Enfin, le Conseil européen réaffirmera la perspective européenne de l’Ukraine et de la Moldavie. Il saluera les progrès réalisés vers l’adhésion à l’UE sur la base de l’évaluation orale que rendra la Commission cette semaine, à l’occasion du conseil Affaires générales informel de Stockholm auquel je participerai demain et après-demain.

Le Président de la République a été très clair à l’occasion de son discours à Bratislava : la question pour nous n’est pas de savoir si nous devons élargir l’UE – nous y avons répondu il y a un an – ni quand nous devons le faire – pour nous, le plus vite possible –, mais bien comment.

Permettez-moi d’en profiter pour saluer le déplacement des sénatrices Marta de Cidrac et Gisèle Jourda, ainsi que du sénateur André Reichardt, en Moldavie. Nous en avions parlé lors de ma dernière audition, me semble-t-il.

La manifestation du soutien de la France à l’intégration européenne exprimée par ce déplacement est essentielle. Nicolae Popescu a d’ailleurs eu l’occasion de répéter la semaine dernière au bureau de la commission des affaires européennes combien le soutien de la France était apprécié à Chisinau.

Deuxièmement, une large partie du Conseil européen sera consacrée aux questions économiques, dans leurs dimensions multiples.

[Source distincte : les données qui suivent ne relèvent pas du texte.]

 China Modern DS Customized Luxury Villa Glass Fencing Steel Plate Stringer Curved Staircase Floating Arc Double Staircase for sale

Un point sera fait sur la mise en œuvre des décisions prises par le Conseil européen en février et en mars dernier concernant la réduction des dépendances stratégiques, le renforcement de la politique industrielle européenne et notre réponse à l’Inflation Reduction Act.

Les chefs d’État et de gouvernement débattront surtout de la stratégie de sécurité économique européenne. Lors de son discours à La Haye, à l’institut Nexus, le Président de la République a esquissé les contours de cette nouvelle doctrine, dont l’objectif est d’assurer pleinement notre souveraineté. Elle repose sur cinq piliers complémentaires.

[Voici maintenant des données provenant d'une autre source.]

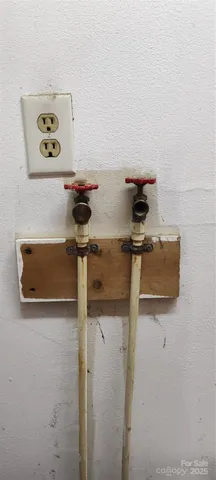 a kitchen with a table and chairs in it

Le premier pilier est la compétitivité. Nous devons continuer d’innover, de réformer et de renforcer nos systèmes éducatifs et de formation. Nous devons aussi approfondir le marché unique pour favoriser l’émergence d’acteurs économiques européens plus forts.

Le deuxième pilier concerne la politique industrielle. Je serai contente d’entendre que la France a joué un rôle clé pour faire progresser la politique industrielle européenne : ce concept n’est désormais plus un tabou. L’Europe doit continuer en ce sens pour asseoir son leadership industriel.

Les trois piliers suivants, allant du plus défensif au plus ouvert, dessinent quant à eux une géométrie de la sécurité économique européenne.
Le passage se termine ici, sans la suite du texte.